━━ Information given ━━

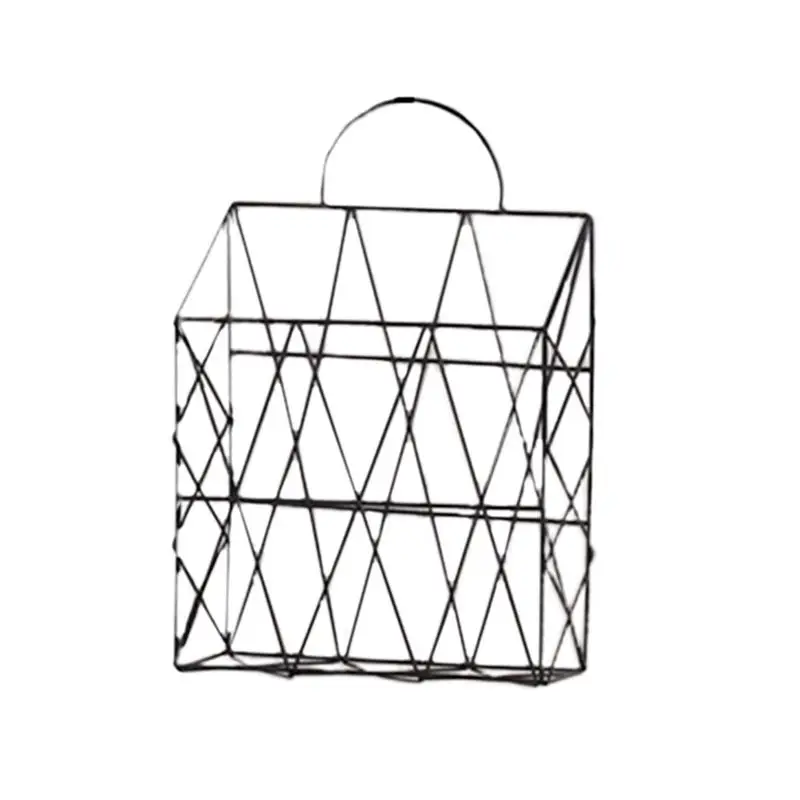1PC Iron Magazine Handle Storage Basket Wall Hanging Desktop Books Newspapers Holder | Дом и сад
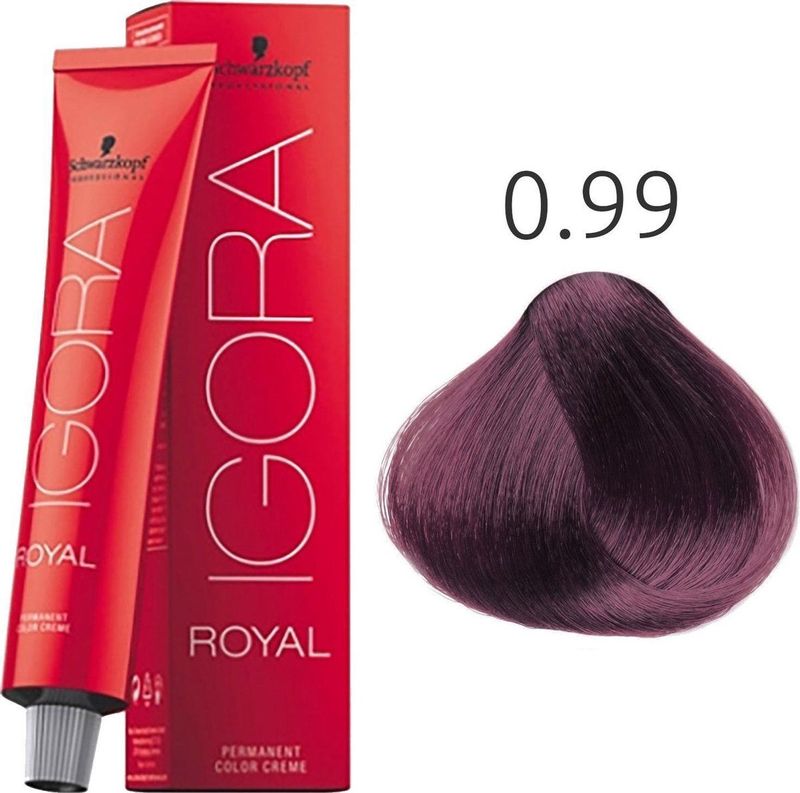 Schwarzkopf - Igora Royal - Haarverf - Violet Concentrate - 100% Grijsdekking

━━━
━━ Information given ━━

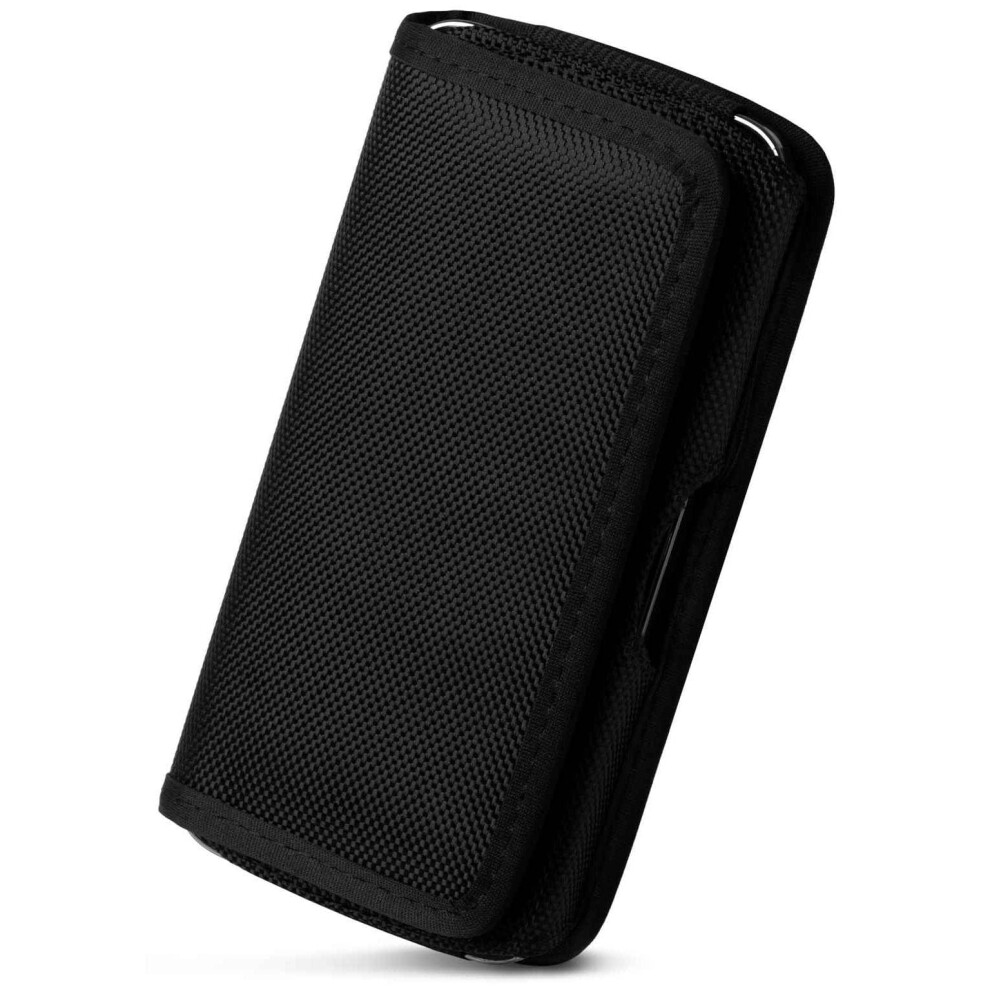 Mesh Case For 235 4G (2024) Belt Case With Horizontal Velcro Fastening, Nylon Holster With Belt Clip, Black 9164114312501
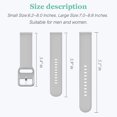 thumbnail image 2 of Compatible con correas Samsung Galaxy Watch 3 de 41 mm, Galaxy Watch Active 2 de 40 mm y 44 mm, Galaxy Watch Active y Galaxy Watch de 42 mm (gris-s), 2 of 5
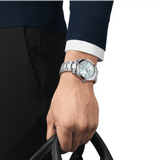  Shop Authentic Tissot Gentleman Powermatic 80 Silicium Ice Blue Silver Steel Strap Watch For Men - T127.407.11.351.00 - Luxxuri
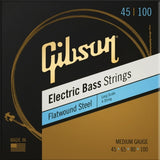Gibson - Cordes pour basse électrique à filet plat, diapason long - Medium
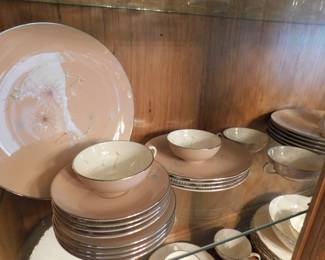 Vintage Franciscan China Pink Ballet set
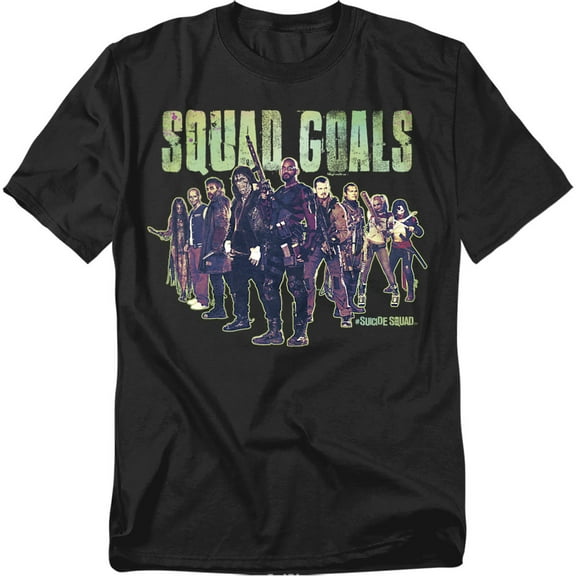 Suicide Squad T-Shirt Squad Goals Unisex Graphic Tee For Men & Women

━━━

Excluding any pictures, print exactly the lines of the listing above from the line with "1PC Iron Magazine" to the line with "Schwarzkopf - Igora", both ends included.

> [Exercise response]
1PC Iron Magazine Handle Storage Basket Wall Hanging Desktop Books Newspapers Holder | Дом и сад
 Schwarzkopf - Igora Royal - Haarverf - Violet Concentrate - 100% Grijsdekking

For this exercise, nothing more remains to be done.